[THE RECORDS]
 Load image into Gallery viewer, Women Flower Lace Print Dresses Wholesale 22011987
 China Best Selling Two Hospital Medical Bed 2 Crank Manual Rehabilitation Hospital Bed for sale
==
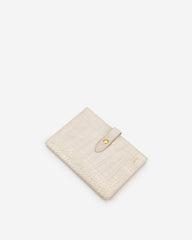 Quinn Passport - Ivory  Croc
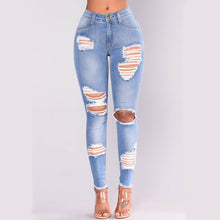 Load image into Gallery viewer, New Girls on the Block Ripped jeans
---
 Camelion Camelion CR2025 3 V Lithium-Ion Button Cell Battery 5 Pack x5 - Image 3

[WHAT THE TASK ASKS] Nothing but the lines above from the one containing "Load image into Gallery viewer, Women" through the one containing "China Best Selling" should appear in the answer, each repeated exactly.

[OUTPUT BELOW]
 Load image into Gallery viewer, Women Flower Lace Print Dresses Wholesale 22011987
 China Best Selling Two Hospital Medical Bed 2 Crank Manual Rehabilitation Hospital Bed for sale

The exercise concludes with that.